La verdad es que no sé si ayudamos demasiado -al final todo fracasó- pero sí estoy seguro de que dimos pie a que la siniestra derecha chilena nos utilizara como eficaz argumento contra el gobierno, así como también que en muchos hubo buena fe y un compromiso auténtico con el esfuerzo de ese pueblo por afirmarse y triunfar.
No voy a insistir en describir el acto siniestro que fue el golpe de esos generales traicioneros y crueles a más no poder. Decenas de miles de chilenos asesinados o hechos prisioneros por Pinochet y su gente. Y éste resultó en definitiva no solo un asesino inclemente sino un ladrón de marca mayor. Tendrá un lugar privilegiado en ese vasto infierno de los tiranos de este continente de tiranos, al cual –digámoslo de paso– Venezuela ha colaborado y sigue colaborando con enérgica solicitud. Mucho se ha dicho, y no se ha hecho demasiado, para castigar a esos truhanes. Lo último es la promesa del presidente Boric, socialista y demócrata como Allende, de indagar por más de mil casos de chilenos desaparecidos en los años de la sangrienta tiranía.

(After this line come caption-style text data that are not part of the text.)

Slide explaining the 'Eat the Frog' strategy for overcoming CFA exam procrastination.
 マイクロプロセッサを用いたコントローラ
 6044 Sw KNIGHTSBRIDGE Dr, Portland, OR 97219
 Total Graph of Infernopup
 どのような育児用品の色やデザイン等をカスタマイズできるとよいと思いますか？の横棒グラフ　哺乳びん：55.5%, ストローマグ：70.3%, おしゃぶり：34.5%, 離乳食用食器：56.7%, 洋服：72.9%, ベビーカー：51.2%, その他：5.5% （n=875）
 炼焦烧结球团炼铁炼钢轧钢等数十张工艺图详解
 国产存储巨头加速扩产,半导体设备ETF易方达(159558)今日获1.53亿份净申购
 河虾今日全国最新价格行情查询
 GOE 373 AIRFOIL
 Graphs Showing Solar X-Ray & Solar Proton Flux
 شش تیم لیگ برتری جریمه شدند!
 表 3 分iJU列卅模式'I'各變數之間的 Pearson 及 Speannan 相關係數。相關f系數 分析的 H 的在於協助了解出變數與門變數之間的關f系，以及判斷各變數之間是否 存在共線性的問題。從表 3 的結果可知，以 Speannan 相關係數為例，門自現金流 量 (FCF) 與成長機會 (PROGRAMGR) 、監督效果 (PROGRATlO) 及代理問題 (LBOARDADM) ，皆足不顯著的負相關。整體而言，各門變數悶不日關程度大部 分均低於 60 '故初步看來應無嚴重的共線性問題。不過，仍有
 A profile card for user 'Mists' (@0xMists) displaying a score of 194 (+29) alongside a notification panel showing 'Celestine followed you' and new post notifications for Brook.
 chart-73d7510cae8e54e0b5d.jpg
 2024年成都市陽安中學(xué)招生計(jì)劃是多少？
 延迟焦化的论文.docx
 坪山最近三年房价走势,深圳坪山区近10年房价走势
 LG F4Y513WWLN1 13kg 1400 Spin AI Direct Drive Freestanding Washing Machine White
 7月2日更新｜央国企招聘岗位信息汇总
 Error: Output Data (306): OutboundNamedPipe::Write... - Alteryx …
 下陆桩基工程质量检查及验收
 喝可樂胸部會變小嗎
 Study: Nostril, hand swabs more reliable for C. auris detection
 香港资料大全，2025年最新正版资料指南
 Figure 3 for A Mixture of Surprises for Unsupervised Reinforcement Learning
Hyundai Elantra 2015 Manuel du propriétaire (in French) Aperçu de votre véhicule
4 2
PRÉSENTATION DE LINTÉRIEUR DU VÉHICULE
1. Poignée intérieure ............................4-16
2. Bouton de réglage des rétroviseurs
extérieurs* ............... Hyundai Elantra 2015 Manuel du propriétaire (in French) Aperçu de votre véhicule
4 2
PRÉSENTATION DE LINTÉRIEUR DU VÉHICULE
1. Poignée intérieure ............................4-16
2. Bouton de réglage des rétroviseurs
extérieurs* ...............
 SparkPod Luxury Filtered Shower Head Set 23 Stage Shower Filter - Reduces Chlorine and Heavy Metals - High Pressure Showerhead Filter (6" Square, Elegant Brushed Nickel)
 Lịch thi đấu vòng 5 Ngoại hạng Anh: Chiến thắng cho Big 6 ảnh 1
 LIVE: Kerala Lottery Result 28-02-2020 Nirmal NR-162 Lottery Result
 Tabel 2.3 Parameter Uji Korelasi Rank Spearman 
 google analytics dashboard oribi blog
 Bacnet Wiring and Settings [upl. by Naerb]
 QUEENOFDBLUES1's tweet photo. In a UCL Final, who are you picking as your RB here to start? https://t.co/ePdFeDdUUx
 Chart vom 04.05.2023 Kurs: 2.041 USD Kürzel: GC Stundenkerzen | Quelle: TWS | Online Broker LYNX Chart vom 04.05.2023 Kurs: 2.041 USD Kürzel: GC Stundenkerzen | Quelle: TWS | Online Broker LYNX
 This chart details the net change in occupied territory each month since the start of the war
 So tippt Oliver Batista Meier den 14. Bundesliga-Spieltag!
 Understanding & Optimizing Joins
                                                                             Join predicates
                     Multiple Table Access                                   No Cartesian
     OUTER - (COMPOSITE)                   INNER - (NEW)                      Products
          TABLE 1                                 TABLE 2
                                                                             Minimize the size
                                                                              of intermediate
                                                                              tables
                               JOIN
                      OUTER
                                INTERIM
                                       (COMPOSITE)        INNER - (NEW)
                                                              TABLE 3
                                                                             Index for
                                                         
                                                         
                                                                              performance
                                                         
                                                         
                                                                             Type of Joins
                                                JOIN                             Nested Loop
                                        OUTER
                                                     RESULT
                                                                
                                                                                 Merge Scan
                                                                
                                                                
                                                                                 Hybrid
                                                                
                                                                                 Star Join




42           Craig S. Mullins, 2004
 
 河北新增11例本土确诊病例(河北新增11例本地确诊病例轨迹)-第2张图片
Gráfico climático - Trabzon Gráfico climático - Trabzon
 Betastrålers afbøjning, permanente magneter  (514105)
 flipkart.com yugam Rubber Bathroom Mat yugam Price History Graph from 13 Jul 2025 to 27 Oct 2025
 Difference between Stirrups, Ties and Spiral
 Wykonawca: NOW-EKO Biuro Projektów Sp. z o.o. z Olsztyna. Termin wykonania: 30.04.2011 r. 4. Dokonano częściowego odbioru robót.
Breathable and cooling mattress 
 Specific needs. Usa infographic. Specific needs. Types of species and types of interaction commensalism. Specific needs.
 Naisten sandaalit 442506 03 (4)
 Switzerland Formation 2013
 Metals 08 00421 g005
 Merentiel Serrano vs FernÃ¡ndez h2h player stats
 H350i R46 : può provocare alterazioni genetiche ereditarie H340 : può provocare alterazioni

Es realmente apasionante la figura y la posteridad de Salvador Allende. A pesar de que aún en Chile se debate entre la condena o la sublimación de esos años y esas luchas. Por ejemplo la derecha y la ultraderecha se negaron a suscribir la condena inequívoca de ese golpe y la devoción por la democracia que firmó Boric y el progresismo chileno, todos los expresidentes vivos incluidos, con motivo de los 50 años del hecho fatídico. Pero Allende desde hace rato tiene el reconocimiento no solo del pueblo sino del Estado chileno, más allá de las complejidades del proceso que le tocó presidir, ciertamente enrevesadas. Él es el héroe. Su muerte, por suicidio el día del golpe, casi solitario en La Moneda ante las poderosas armas sin piedad, para no rendirse ante los asesinos de la democracia, y sus palabras testamentarias, un acto de fe por la libertad y la salud futura de su pueblo, “más temprano que tarde”, quedarán como esos escasos monumentos que marcan los hitos de la historia de un país. Una monumental escultura se erige justo ante el palacio de gobierno como signo de la perennidad y el consenso de su actuación.
Otra cosa es entrar en la maraña de acontecimientos y tendencias que acaecieron en esos años de fuego. Recién acecido el golpe yo tuve una agria discusión con Teodoro Petkoff, recientemente conocido, sobre los resultados y los causantes de ese doloroso y costoso fracaso. Yo sostenía que esa derrota demostraba que la revolución no se podía hacer en la democracia burguesa. Él, que ya había fundado el MAS y abogaba por sintetizar socialismo y democracia, atribuía a la demagogia e irresponsabilidad de los sectores más radicales y violentistas el fracaso y que Allende y los sectores más realistas y moderados hubieran podido salir adelante. Unos años después yo milité en el MAS. Pero habiendo consenso del papel destructor de la derecha, la felonía militar y la probada intervención gringa, esa era la discusión en sus líneas más generales. Todavía está ahí.
Pero el proceso me dejó una hija chilena, la otra ha vivido estos años oscuros como profesora en una distinguida universidad de ese país y yo siento un profundo amor por esos recuerdos y por esa tierra.